### SUPPLIED MATERIAL
-.-.-
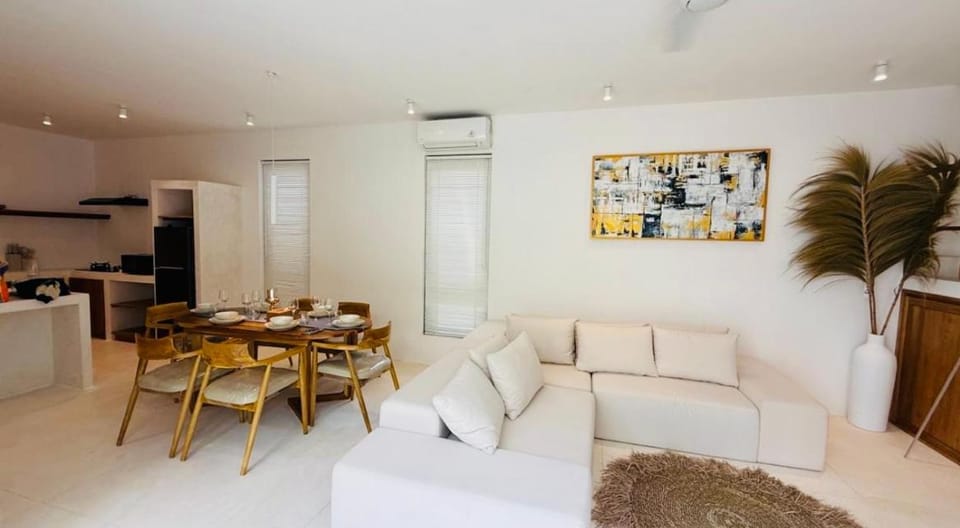 Bali Tranquility Uluwatu 2Flb White Vacation rental in Bali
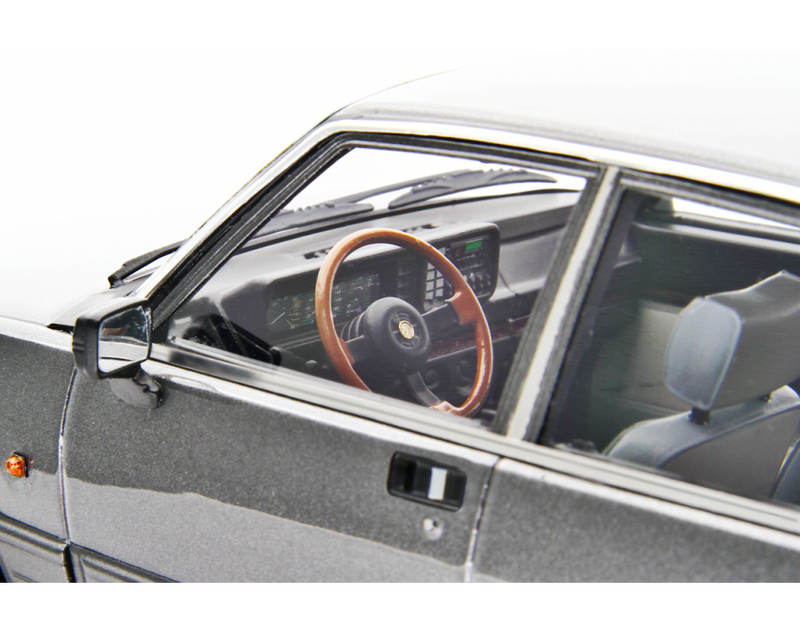 Alfa Romeo Alfetta 2.0i Quadrifoglio Oro E.E. 1983-84 Rosso Alfa 1:18 - 83898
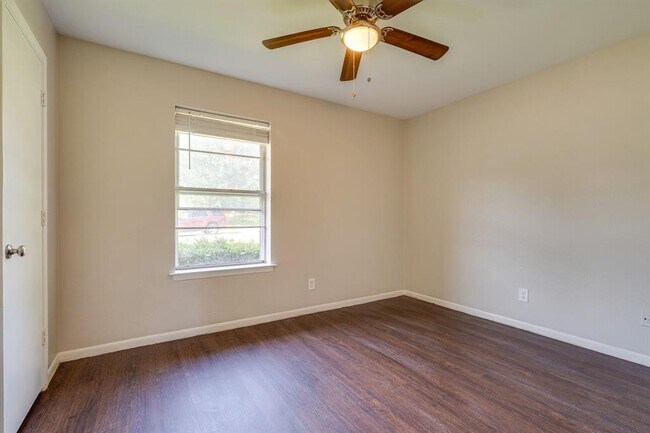 Building Photo - 2500 Quail Ridge Dr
-.-.-
Copy out the listing exactly as it stands, but not the pictures.

### SOLUTION TO THIS EXERCISE
 Bali Tranquility Uluwatu 2Flb White Vacation rental in Bali
 Alfa Romeo Alfetta 2.0i Quadrifoglio Oro E.E. 1983-84 Rosso Alfa 1:18 - 83898
 Building Photo - 2500 Quail Ridge Dr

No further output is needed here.